The Bryant co-principal was reassigned from a "failing" school. Looks to me like a political answer from MGJ to a political situation. Anyone remember McGilvra? There may be a pattern here. A thinking person might guess that there is some behind the scenes hr maneuvering happening with parents expected to be the trigger. If that is the case, and I don't know that it is, it is a cruddy way to handle it. The New! Ed Directors should handle it.

-skeptical-
Chris S. said…
Related to RTN: in NYT last week
suep. said…
Regarding principal shuffles in general and McGilvra and Brighton/Lawton principals in 2009-10 as examples, Michael DeBell basically said last year that the supt. was indeed placing problematic principals in strong school communities with the express purpose of instigating a parent revolt and thus having the parents force the principal out -- probably by filing many complaints and creating the paper trail the district needs to let someone go.

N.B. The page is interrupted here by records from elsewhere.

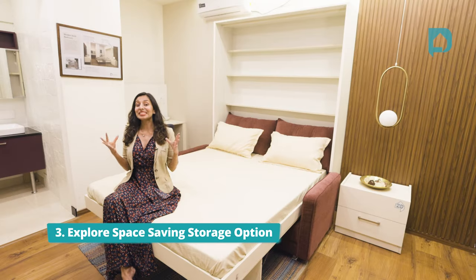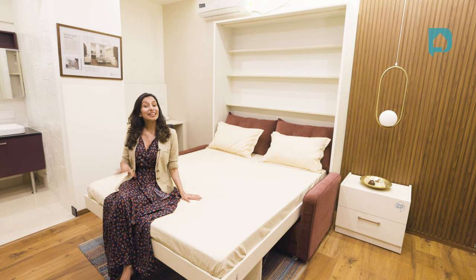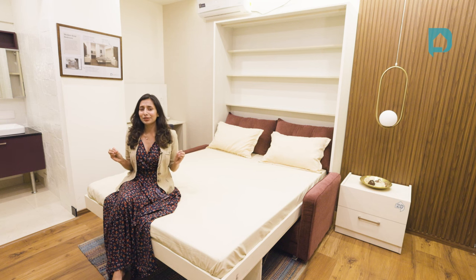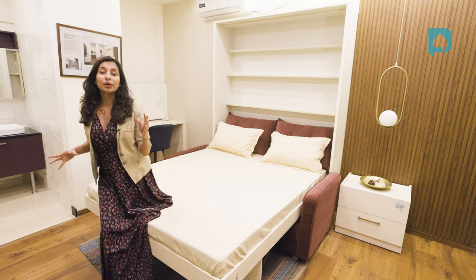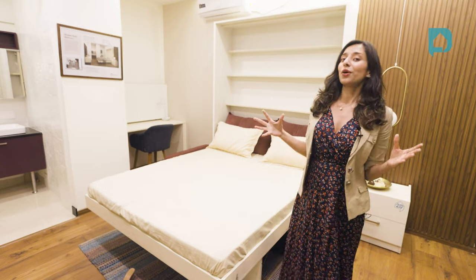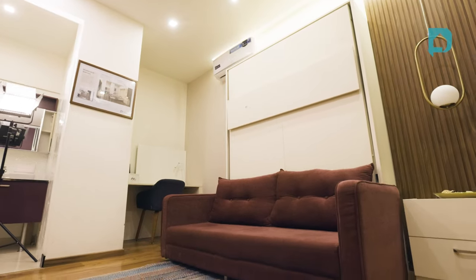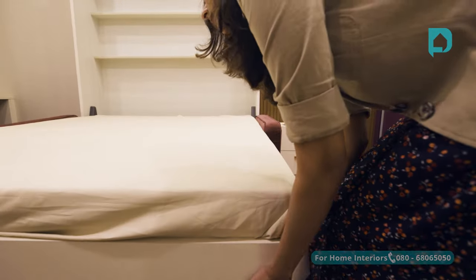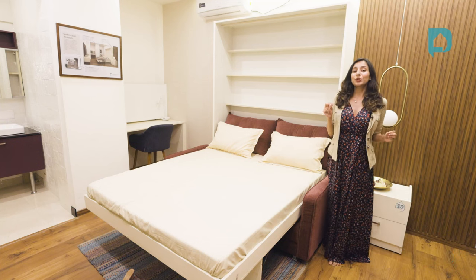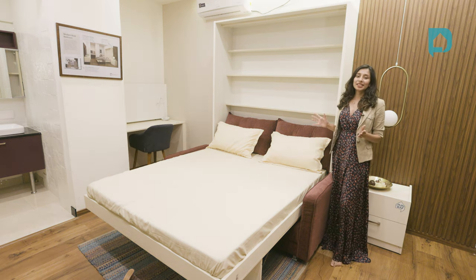Point number three: explore space saving storage options. Now that we've locked in our bed position, it's going to be that much easier to identify spaces for the rest of the things — it's just like putting together a simple puzzle. Because we're talking about a small space, it would make more sense to go for space saving options. Like here, we have a Murphy bed — this is a simple sofa during the day and it can open up into a nice queen size bed during the night. At Design Cafe, our USP is to get you that 20% extra storage space in your existing home, so we have a lot more space saving options.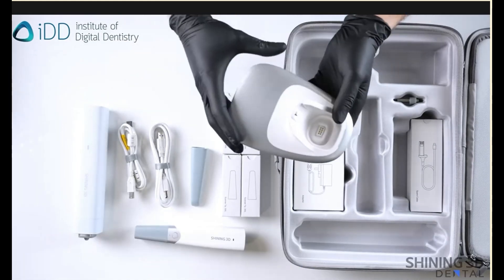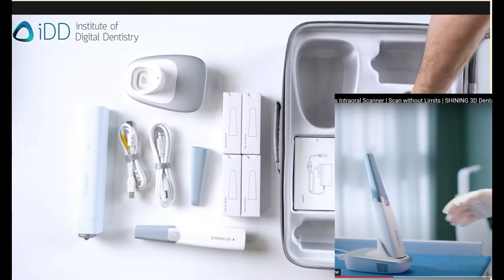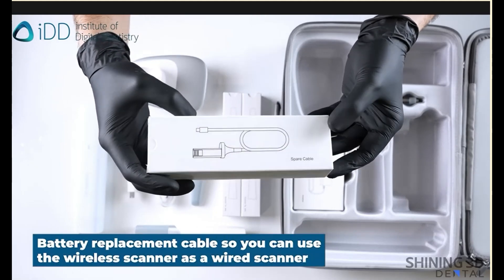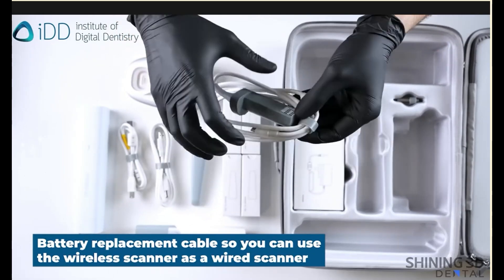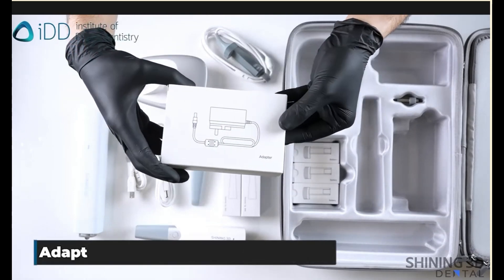Next we have the charging cradle, which is a charging stand for the scanner wand. The battery backup cable is handy in case you run out of battery power, and allows you to work with a wired power supply. This is the DC power supply.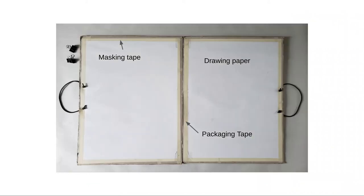I covered the inside of the cardboard with drawing paper because sometimes ink or dirt on the cardboard will transfer onto your artwork.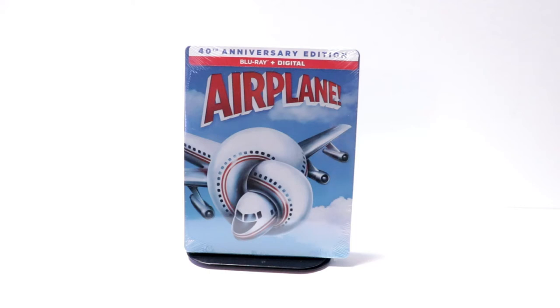Hey, Tony here. Today we're doing an unboxing of the 40th Anniversary Edition Steelbook for Airplane, so stay tuned.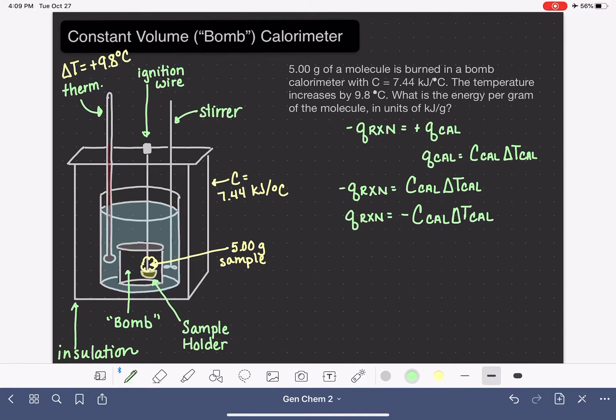This is a straightforward equation for this situation. Don't forget the negative sign. The heat capacity is 7.44 kJ/°C and the temperature change is positive 9.8°C. The degrees C units cancel nicely, giving us a negative value of heat: negative 72.9 kilojoules.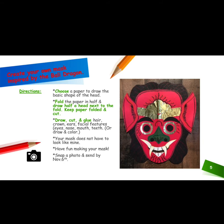Now it is your chance to create your own mask inspired by the Bali Dragon. First, you will choose a paper to draw the basic shape of the head. Fold the paper in half and draw half a head next to the fold. Keep the paper folded and cut.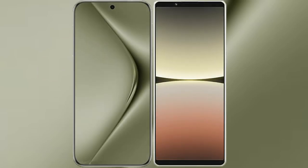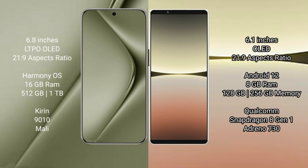I will compare the new Huawei Pura 70 Ultra with Sony Xperia 5 Mark 4. Huawei Pura 70 Ultra comes with a 6.8-inch LTPO OLED display. Sony Xperia 5 Mark 4 comes with a 6.1-inch OLED display.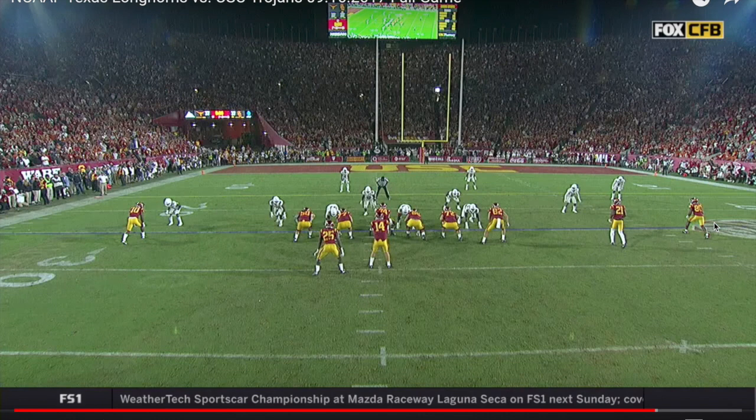In the first overtime of the USC game last night, the Trojans had what I thought was one of the best designed plays I've seen, really read perfectly with a perfectly run route by Deontay Burnett, number 80. I wanted to break this one down and let you know what the quarterback saw pre- and post-snap.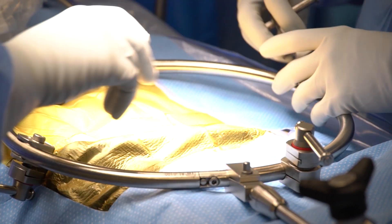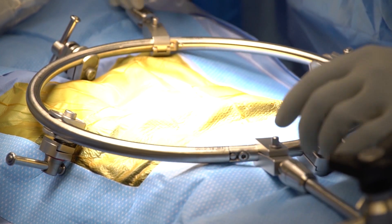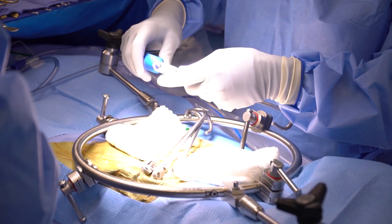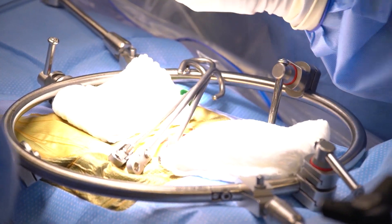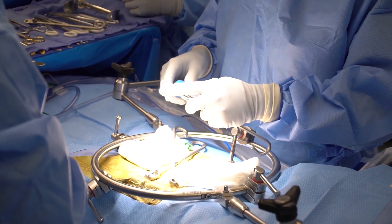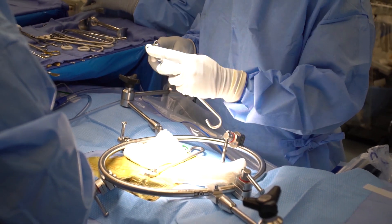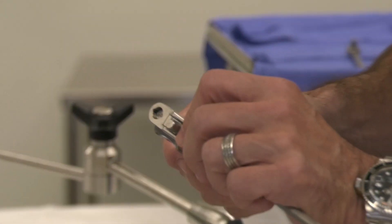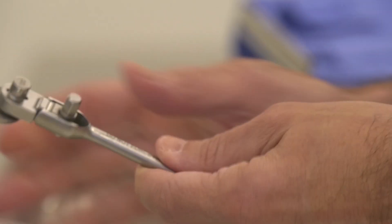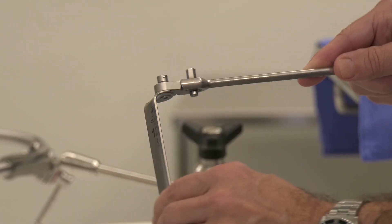Usually we'll place four of these blade holders. Once you've done your exposure and you start utilizing the retractor, I like to tighten these slightly before we start the operation. You just want it tightened a little bit more rigid so that when you place your retractor blade in, you have an option to at least change the angle without losing the angle completely.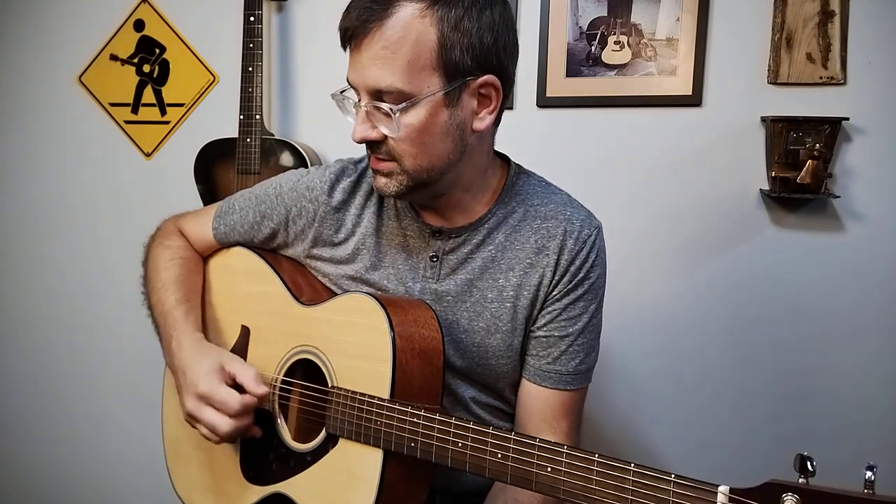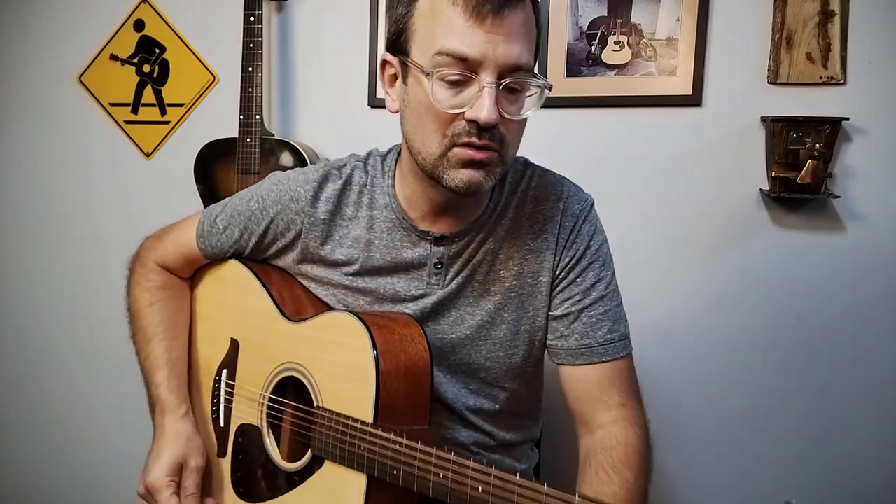Number two is: can you do it with down-up picking? What we do is down on the downbeat and up on the upbeat. A lot of people get confused crossing strings and end up doing two downs in a row. You can get away with it at a low tempo, but it doesn't really translate into a faster tempo very well. There are some people that can do it very well, but for the vast number of people I've taught over the years, having good down-up picking is really a huge key to success.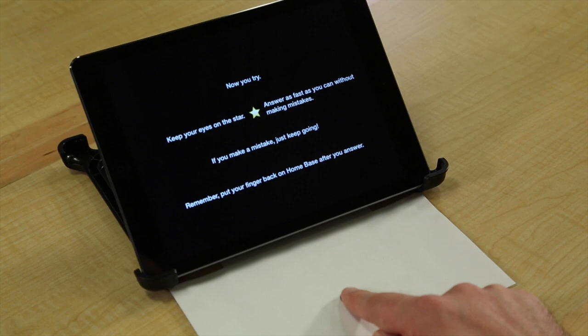Keep your eyes on the star and answer as fast as you can without making mistakes. If you make a mistake, just keep going. And remember, put your finger back on home base after you answer.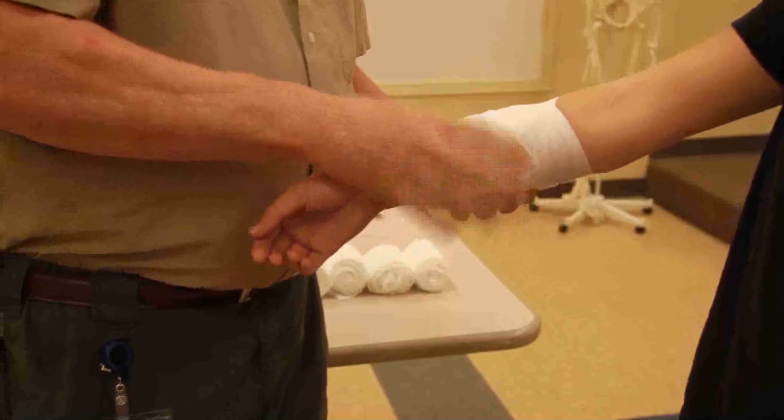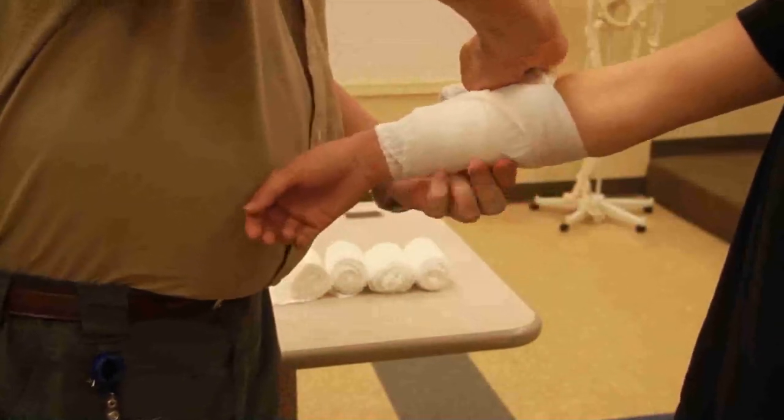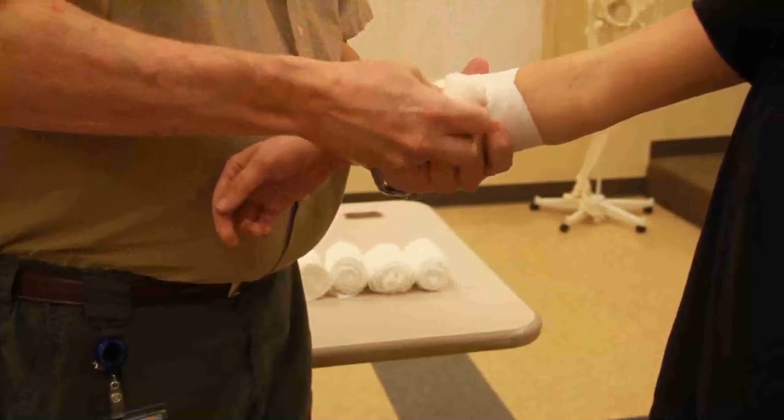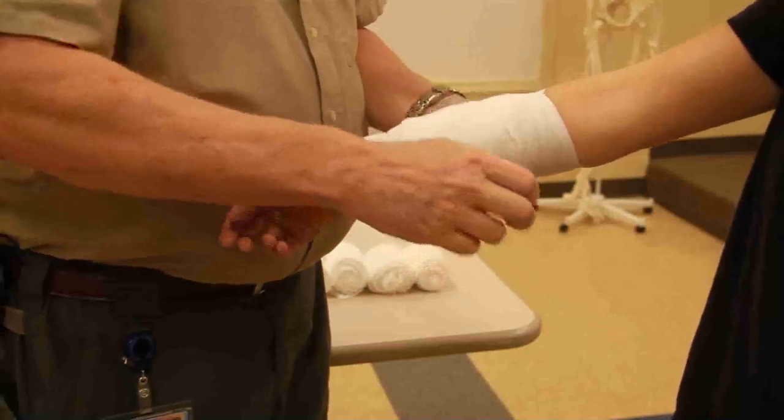I'm going to come around, being careful not to drop my roller gauze, because if I do then I've lost the ball game — and it's a lot easier to drop when you're rolling backwards. Now I'm rolling forwards again.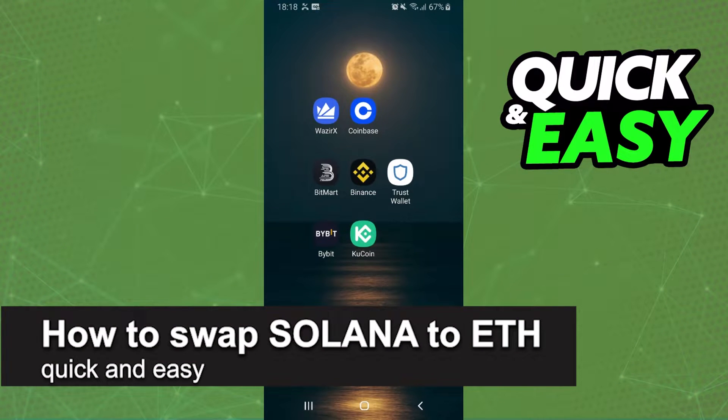In this video I'm going to show you how to swap Solana to Ethereum. It is very quick and very easy.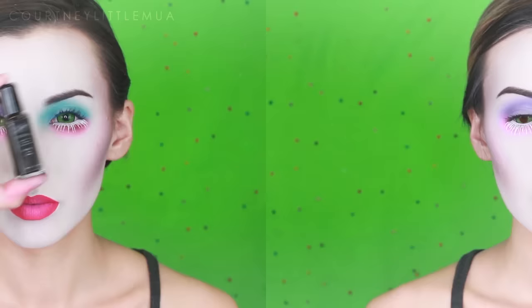I'm then taking Jeffree Star's Drug Lord to brighten up the center of the lips even more. I got a little too much product so I blended it out with my finger, then pulled the pink in onto the white. I also totally forgot to contour my nose, so if you'd like to, don't forget that step!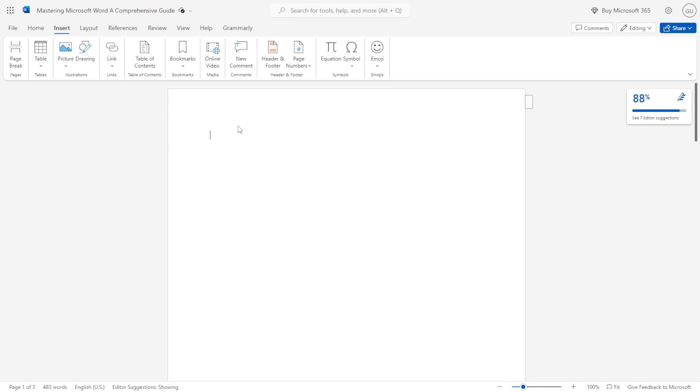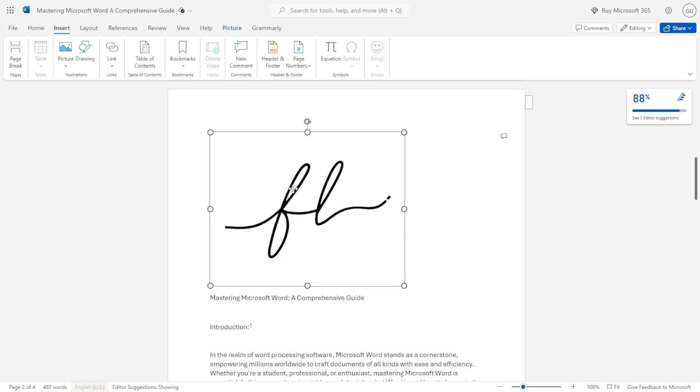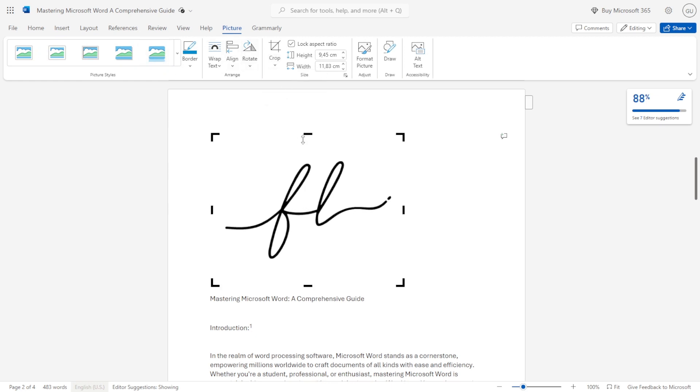Once your image is uploaded, select it and click Crop. You can then crop your signature as shown on the screen.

DeBell tut-tutted about this practice and furrowed his brow a little, but I'm not sure he did anything about it.

Why the supt doesn't have the temerity and integrity to follow the process and do the job herself is the real question here.

I see this as passive-aggressive buck-passing. It also comes at a cost to the school communities who have these situations foisted upon them and who end up doing the district's dirty work.

All of which is why I am highly suspicious of principal placements by this superintendent. There seems to be a political agenda behind them that has nothing to do with what's best for the school communities -- or even the principals. Who's to say what makes a principal 'problematic' in this supt's eyes.

Why, for example, did MGJ send Center School's Escobar down to RBHS in the first place? I heard she didn't want to go. Clearly she was not welcome or happy there, and it didn't last (both RBHS principals are being transferred according to the Rainier Valley paper).

Makes one wonder, doesn't it.

--sue p.
And who will she send to RBHS (or will she actually allow staff and parents some input)? That placement could be crucial to the life of RBHS.
Charlie Mas said…
WHAT!!

The School Board President, Michael DeBell, acknowledged that the Superintendent intentionally sent bad principals to schools with strong communities with the expressed purpose of using the communities' strength as leverage to fire the principal?!?!!

And he was OKAY with that?!?!!!

Not only is that a COMPLETELY inappropriate way for her to handle her staff, it is abusive to communities.

So that's now the reward for having a strong community? A string of ineffective principals for you to complain out of the district? Even if it is just one principal and that principal is there for just one year, that means three principals in three years for that school, which is an intolerable instability of leadership. Even the strongest schools will be seriously harmed by that kind of turnover.

She really needs to find so other way to confront these principals herself.

No. She needs to go. That is COMPLETELY unacceptable. If Director DeBell knew that she was doing this and he didn't immediately direct her to undo it, then he needs to go also. This isn't a governance/management question. Governance demands that she not abuse communities like that.

Let's presume the process works the same for her. If there are enough complaints, then shouldn't she also be fired?
Maureen said…
What is the process for firing a principal? Do a certain number of letters of complaint have to be received? Could misassigning principals be a way of getting rid of even good ones (from what I hear, Center School loved Escobar, but I bet she has negative letters in her file now from RBHS parents)?

If MG-J is counting on strong schools to get rid of bad principals then she should put together a template to describe the process and distribute it to all PTSAs. Has she done this? I have no idea.